Lord Wrexham observó preocupado a su hermana.
– Y esta pelea… que dice haber parado… ¿fue la razón de que abandonara tan groseramente a Alethea, en la fiesta?
– No, exactamente.
– Entonces no entiendo lo que pasó hoy -dijo Lord Wrexham.
Gabriel echó una mirada mordaz a Alethea.
– Yo tampoco.
– Entonces tal vez usted debería irse, señor, así mi hermana podría darnos su versión de la situación.

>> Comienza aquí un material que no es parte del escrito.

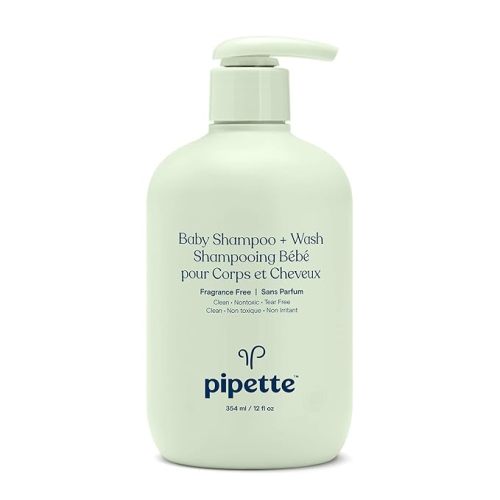 Pipette Baby Shampoo and Body Wash - Fragrance Free, Tear-Free Bath Time, Hypoallergenic, Moisturizing Plant-Derived Squalane, New Formula, 11.8 fl oz - Unscented - 11.8 Fl Oz (Pack of 1)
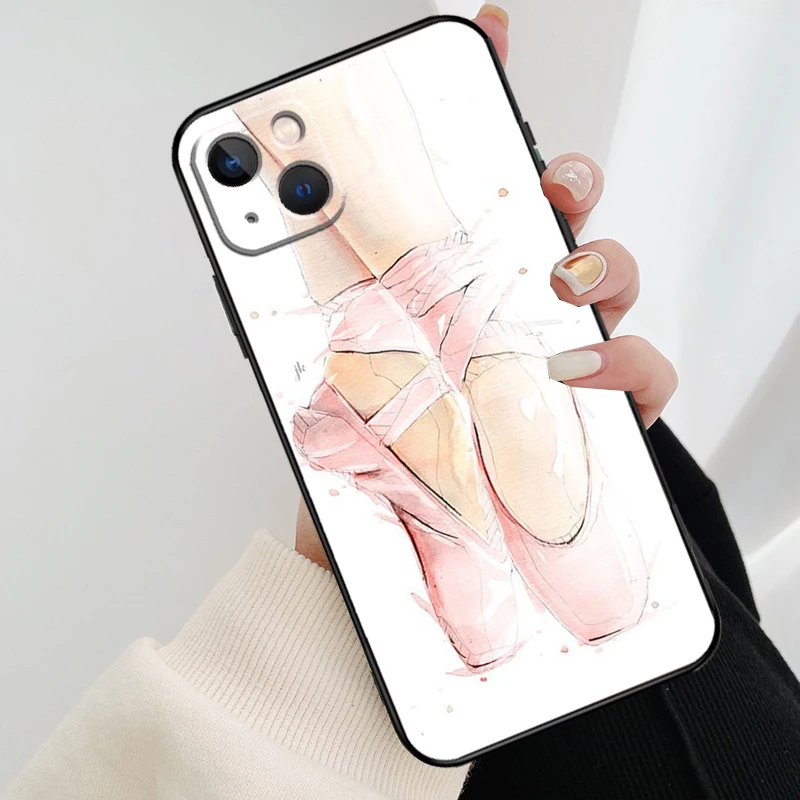 Ballerina Ballet Dance Girl Phone Case For iPhone 11 12 14 Pro Max 13 Mini X XR XS Max 7 8 Plus SE 2020 Soft Back Cover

Gabriel vaciló, estudiando a Alethea hasta que ella finalmente lo miró.
– Tal vez debería -dijo él al fin-. Le haré una visita tan pronto vuelva al campo.
Lord Wrexham pareció confundido con esa declaración.
– ¿Tiene más asuntos pendientes conmigo, señor? -preguntó él bruscamente, haciendo que su hermana y Lady Pontsby, fruncieran el ceño.
Gabriel suspiró, tomando su sobrero y chaqueta de la silla, y se fue solemnemente hacia la puerta.
– Con su permiso, su hermana y yo nos casaremos tan pronto como sea conveniente. Creo que desea una boda en el campo. Los Boscastles, por su parte, insistirán en lo contrario. A mí me da lo mismo dónde nos casemos, pero supongo que el marqués preferiría una boda privada en su casa.
Lady Pontsby dio un ahogado grito de deleite. Alethea podía haber reaccionado de cualquier manera… Robin estaba demasiado sorprendido como para prestarle atención, a pesar de su papel estrella en esta obra sin precedentes. Había pensado, a medias, estrangular a Gabriel por supuestas ofensas no confirmadas. Pero ahora que Boscastle se iba a convertir en su cuñado, tenía que tragarse las críticas y poner buena cara.
– Pero… ¿cuándo pasó esto? -le preguntó a Gabriel mientras se marchaba.
– Hace siete años, cuatro meses y trece días, para ser más preciso. -Gabriel se paró en la puerta para sonreírle sombríamente a Alethea-. Hora más, hora menos.